Similarly, many at the time feared the seemingly powerful and wild nature. In trying to cross the fast moving river, Tom was putting his life at the mercy of the river. Nature was dangerous and demanded respect. In present time, I can’t think of a major river that has been dammed. Humans have undermined the strength of nature in order to control it. Everything is safer. Bridges have been built, roads have been paved. Nature no longer carries the same influence that it did once.

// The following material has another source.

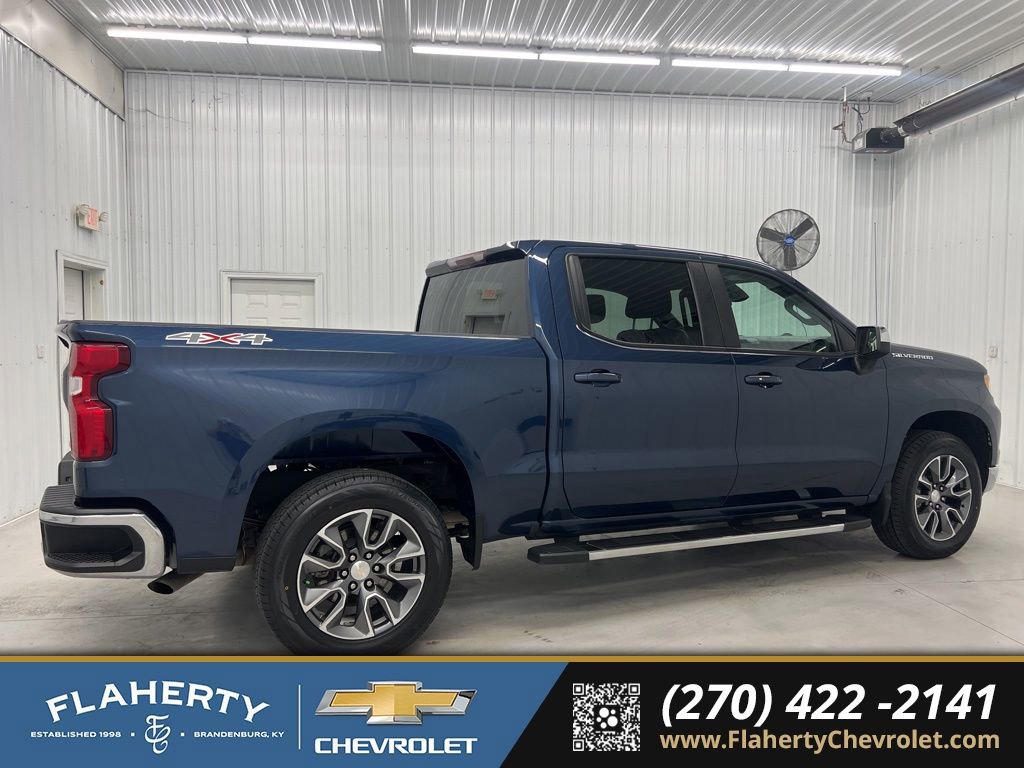 Used 2023 Chevrolet Silverado 1500 LT AWD/4WD image 2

Currently, we are facing a different battle with nature, but a battle nonetheless. Due to overpopulation and over development much of our natural resources have been exhausted. Rather than the past battle to keep nature out of our lives, we are trying to reenter it. While giving up the control we have over it is unrealistic, nature in a more civilized way is being preserved. In an attempt to repopulate the once vast forests, trees are constantly being planted. However, its interesting to think that the modern day idea of a forest is neatly planted rows to maximize efficiency.
August 31, 2010 § Leave a comment
It is evident in Twain’s writing that he himself has a close relationship with nature. Similar to in Tom’s life, nature played a large role in Twain’s own life. The way he describes Tom’s control over nature, lack of control over nature and empowerment from nature are all taken from personal experiences.
As mentioned in pervious posts, it is fascinating to note that Mark Twain was the pen name chosen by Samuel Clemens. Mark Twain means “mark number two“, which signified the safe river depth for steam boats. The fact that he chose the name to be remembered by based on nature further demonstrates his relationship with it. He wants to always associate himself with nature.
At the age of twenty three, Twain became a steam boat pilot along the Mississippi river. As a boat pilot you work with nature daily in order to travel and deliver your goods. Twain later wrote about his experiences learning the river in “Life On the Mississippi“. This experience taught Twain not only how to conquer nature, but also how to work with it and learn from it.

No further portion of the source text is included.